It was the early 60s. Before the era of student revolt later
in the decade, and the flower children of the 70s, British Pop
had already meant a generational shift of focus away from the
authority of 'high' culture. The 'mass media' seemed more relevant
and more vital than 'fine art', particularly at the RCA in the
50s. Aestheticism, romanticism and high modernism paled beside
the hybrid energies of urban life and the ad-men. Which is one
distinctly potted version of the advent of Pop Art in England,
with its appropriation of pop imagery and artefacts, and a kind
of pre-emptive nostalgia for the signs and symbols of an ephemeral
culture. (Much of it had taken on the feeling of dusty bygones
in the Royal Academy's 1991 retrospective.)
We all know what it is, yet no two artists associated with Pop
back then would later give the same account of it. Pop was not
born with the term (first credited to Lawrence Alloway of the
Independent Group in 1958), but shades backwards and forwards
into collage and painterly abstraction on the one hand; on the
other to Duchamp's 'ready-mades' and so, oddly, to Conceptualism
and the gratuitous confusion of much contemporary imagery. All
the same those were heady times, as the Beatles hit the scene,
and call girls toppled governments.
How relevant to this artist, Pop with abstract connections in
the 90s?
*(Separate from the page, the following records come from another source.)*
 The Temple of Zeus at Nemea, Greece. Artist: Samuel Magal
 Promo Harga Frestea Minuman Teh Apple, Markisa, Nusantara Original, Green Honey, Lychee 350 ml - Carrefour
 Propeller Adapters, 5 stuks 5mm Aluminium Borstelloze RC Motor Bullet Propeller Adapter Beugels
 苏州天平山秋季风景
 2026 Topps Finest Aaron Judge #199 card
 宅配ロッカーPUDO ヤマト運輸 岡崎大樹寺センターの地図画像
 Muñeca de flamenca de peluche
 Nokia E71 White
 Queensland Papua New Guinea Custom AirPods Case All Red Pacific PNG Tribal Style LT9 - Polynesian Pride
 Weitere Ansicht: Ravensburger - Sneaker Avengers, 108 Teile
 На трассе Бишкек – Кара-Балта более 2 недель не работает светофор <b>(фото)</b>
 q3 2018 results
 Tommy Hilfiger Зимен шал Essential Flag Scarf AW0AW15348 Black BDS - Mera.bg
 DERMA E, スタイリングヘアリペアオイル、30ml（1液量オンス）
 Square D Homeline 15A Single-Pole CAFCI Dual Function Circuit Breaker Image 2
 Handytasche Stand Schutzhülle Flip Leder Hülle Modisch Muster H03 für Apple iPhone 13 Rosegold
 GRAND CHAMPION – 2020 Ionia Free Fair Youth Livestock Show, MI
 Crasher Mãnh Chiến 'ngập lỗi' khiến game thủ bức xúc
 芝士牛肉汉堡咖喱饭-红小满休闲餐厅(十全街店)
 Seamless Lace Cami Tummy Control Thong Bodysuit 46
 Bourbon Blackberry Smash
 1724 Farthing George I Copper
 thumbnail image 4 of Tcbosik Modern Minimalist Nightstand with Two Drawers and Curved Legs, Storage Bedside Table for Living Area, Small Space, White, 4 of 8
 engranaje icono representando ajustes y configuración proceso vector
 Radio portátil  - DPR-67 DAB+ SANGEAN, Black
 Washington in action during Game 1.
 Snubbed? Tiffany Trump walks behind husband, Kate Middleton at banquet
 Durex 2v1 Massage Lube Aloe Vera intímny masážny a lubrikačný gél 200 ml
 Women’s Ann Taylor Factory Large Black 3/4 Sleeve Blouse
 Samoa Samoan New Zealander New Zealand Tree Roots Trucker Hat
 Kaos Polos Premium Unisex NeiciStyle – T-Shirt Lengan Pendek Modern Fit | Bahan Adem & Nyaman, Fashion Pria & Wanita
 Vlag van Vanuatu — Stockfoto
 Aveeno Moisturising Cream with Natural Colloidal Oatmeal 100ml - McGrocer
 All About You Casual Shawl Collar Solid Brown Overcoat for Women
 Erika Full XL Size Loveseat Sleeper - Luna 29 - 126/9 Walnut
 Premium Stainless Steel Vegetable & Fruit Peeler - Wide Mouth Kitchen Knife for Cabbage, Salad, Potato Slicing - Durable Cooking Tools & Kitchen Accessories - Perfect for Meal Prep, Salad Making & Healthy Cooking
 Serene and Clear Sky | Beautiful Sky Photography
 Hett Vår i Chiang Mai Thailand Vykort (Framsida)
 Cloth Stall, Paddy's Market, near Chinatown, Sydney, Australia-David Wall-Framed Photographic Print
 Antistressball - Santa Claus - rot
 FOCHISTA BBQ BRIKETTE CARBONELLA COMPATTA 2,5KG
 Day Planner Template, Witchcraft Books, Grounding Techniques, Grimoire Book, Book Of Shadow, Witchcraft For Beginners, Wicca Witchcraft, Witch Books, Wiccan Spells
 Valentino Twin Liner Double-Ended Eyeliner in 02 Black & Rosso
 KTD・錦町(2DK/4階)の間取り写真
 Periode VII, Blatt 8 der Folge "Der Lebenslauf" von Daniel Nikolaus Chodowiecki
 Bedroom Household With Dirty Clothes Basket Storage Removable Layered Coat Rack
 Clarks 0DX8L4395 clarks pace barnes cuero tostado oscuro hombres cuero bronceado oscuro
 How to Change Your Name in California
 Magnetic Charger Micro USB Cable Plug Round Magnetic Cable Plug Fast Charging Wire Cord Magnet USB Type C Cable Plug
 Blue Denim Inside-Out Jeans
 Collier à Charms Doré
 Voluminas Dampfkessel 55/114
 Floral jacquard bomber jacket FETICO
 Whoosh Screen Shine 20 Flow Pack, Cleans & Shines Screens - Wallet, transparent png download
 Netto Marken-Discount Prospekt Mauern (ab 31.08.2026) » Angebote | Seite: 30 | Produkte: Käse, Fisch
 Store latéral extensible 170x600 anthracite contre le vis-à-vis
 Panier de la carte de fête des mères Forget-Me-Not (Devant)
Not more so than a bird's nest or Felix the Cat.
But there is a sweet-and-wicked mixture of reverence and irreverence
in Spiller that has some ghostly pertinence to Pop's mythology.
His reverence is for the 'holiness of the heart's affections'
and whatever they attach ('low' or 'high'), and such reverence
generates irreverence: for pretension, intellection and the pious
atmosphere of boredom in many galleries (often inseparable now
from much supposedly 'sensational' contemporary work and its
analysis). Épater not so much the bourgeois but Art in
its temples. 'Walk onward with your heart', he scratches across
his own art, defacing that too, and delightfully giving the lie,
with all those popular lyrics, to the tedium of much Art Discourse.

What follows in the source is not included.